What began as a joke has become a career and an identification for the wire-haired, bespectacled, Hawaiian shirt-wearing accordian player.

But he never did shirk his studies.

"I finished up and actually got my degree," he said, "and to this day, I can still print pretty neatly, but that's about all I took with me from architecture school."

Perils in such a career were many, and Yankovic managed to avoid them all. Although he occasionally gets calls from weekly humor services all across the country, to write parodies for radio stations, he has declined their offers. He does not rush his muse, sometimes to the consternation of his record label.

"Luckily, the've been very good about that. I mean, before this album came out, there was a 3-year time period where I didn't have any records out.
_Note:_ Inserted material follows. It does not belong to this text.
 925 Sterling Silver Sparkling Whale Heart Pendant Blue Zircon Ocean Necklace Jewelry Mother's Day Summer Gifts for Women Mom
And everybody on my label was getting pretty antsy, for obvious reasons, and I wanted to have an album out, too, but there just wasn't anything I felt strongly enough about."

Weird Al paused, then added the words that changed his life: "Until Nirvana came along."
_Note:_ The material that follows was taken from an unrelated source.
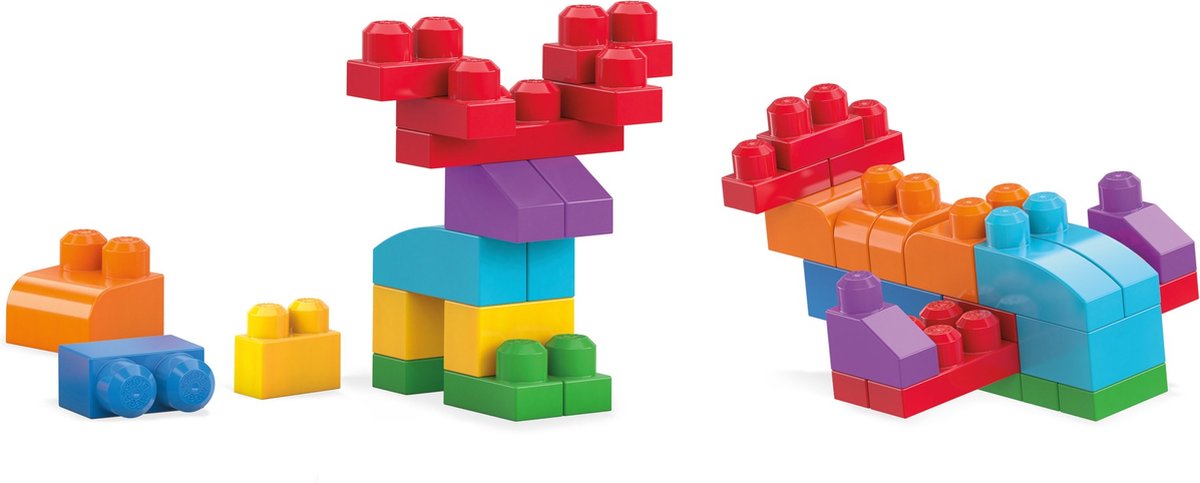 Mega Bloks Middelgrote Blauwe Bouwblokken Set - 60 Stuks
The Seattle-based alternative rock band Nirvana came out in 1991 with the smash hit Smells Like Teen Spirit, an elusive, vague riff with at times unintelligible lyrics.
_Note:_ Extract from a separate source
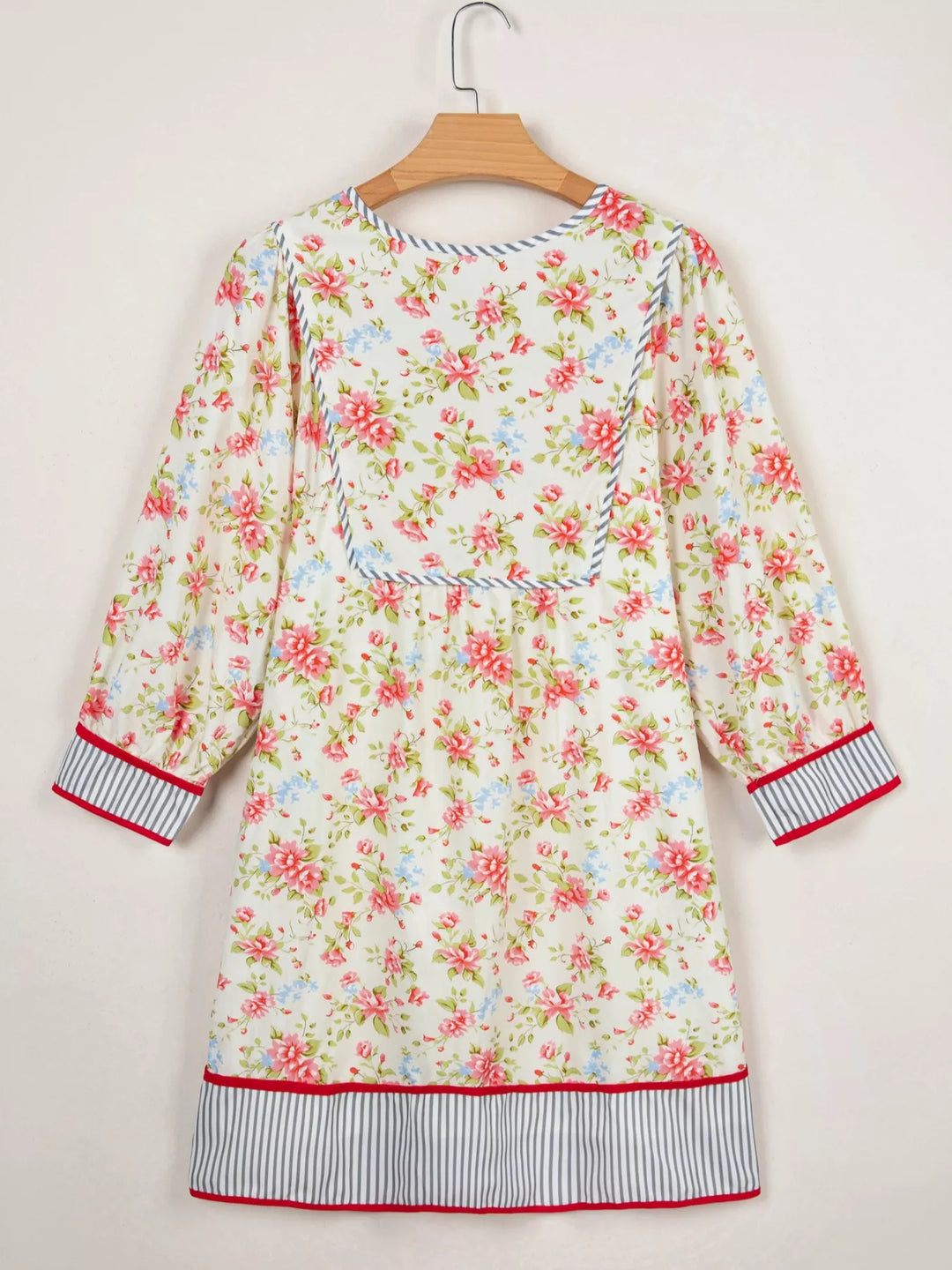 Striped Edge 3/4 Puff Sleeve Floral Dress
Yankovic's parody, Smells Like Nirvana, complete with look-alike video, was a hit itself and reinstalled Weird Al at the top of the parody game.

Who would have thought that a recording done in a men's room and shipped off to a fairly obscure weekly humor program called The Dr. Demento Show would have kicked off a 13-year career?

"I guess, my career has lasted a lot longer than most of the people I parodied early on," he said. "Yeah, I'm continually surprised at my good fortune. I suppose at some point, when people get completely sick of me, I'll have to slide behind the scenes and do more producing, directing, or writing."

His longtime record producer, Union City native Rick Derringer, did not work on Yankovic's latest, Off The Deep End.

"I felt kind of bad about not working with Rick, because I love Rick and I love having him in the studio," he said.

"But after doing six albums with him, I felt like I was confident enough to hold the reins all by myself. Certainly nothing against Rick at all, because he's a great guy. I'd love to work with him in some capacity in the future."

As far as directing or writing films, Weird Al's not interested.

"It's just too much work, frankly, for me to start writing a script and sell it. If I start writing a movie now, if I'm lucky, maybe it will be 4 or 5 years before it would appear on the screen, whereas if I wrote a song right now, I could have it out in record stores in a couple of months. That's more immediate gratification."

Gratifying must be the key adjective "Weird Al" Yankovic would use to describe what began as a joke and has left him a reasonably well-off man who makes people laugh by screwing up other people's work.

"I guess I've kind of allowed myself to think of this as a career now, but it took a little bit of convincing for me to buy into the fact that I could do this and get paid for it.

"I was still working in the mailroom, even after my first album came out, It wasn't until I hit the Billboard Hot 100 that I gave notice at work and said:'OK, I can't be taking out the trash anymore. I'm sorry.'"

So, hey, this is actually a job?

"It beats digging ditches."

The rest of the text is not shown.